Material to process: Begin

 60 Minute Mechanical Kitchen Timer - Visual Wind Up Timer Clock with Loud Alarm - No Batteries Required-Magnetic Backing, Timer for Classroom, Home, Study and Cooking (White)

Material to process: End
Material to process: Begin

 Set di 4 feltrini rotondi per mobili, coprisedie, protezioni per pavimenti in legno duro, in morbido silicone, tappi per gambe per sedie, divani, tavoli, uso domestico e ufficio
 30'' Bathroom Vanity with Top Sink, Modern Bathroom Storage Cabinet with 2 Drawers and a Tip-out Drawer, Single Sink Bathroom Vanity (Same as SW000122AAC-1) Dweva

Material to process: End
Material to process: Begin

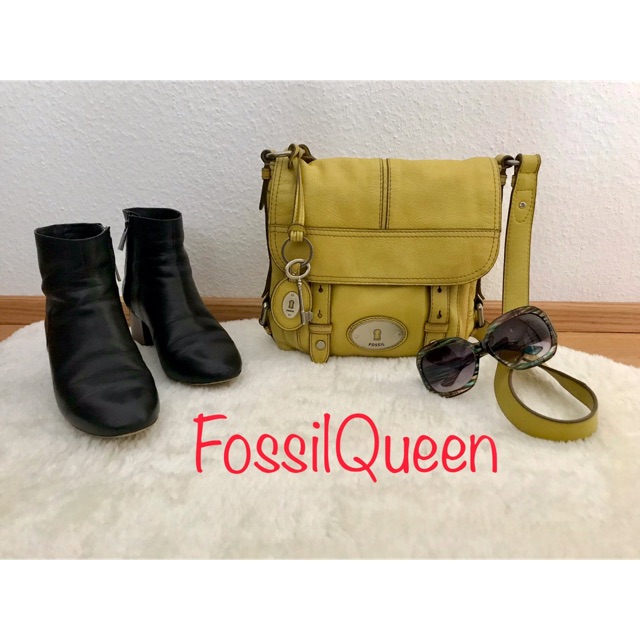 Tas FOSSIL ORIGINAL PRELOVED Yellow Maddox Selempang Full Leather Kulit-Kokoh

Material to process: End

#### What you have to do
In the entries above, the lines from the one bearing "Set di 4 feltrini" up to and including the one bearing "30'' Bathroom Vanity" should be transcribed exactly; no other line is wanted.

#### Task output
 Set di 4 feltrini rotondi per mobili, coprisedie, protezioni per pavimenti in legno duro, in morbido silicone, tappi per gambe per sedie, divani, tavoli, uso domestico e ufficio
 30'' Bathroom Vanity with Top Sink, Modern Bathroom Storage Cabinet with 2 Drawers and a Tip-out Drawer, Single Sink Bathroom Vanity (Same as SW000122AAC-1) Dweva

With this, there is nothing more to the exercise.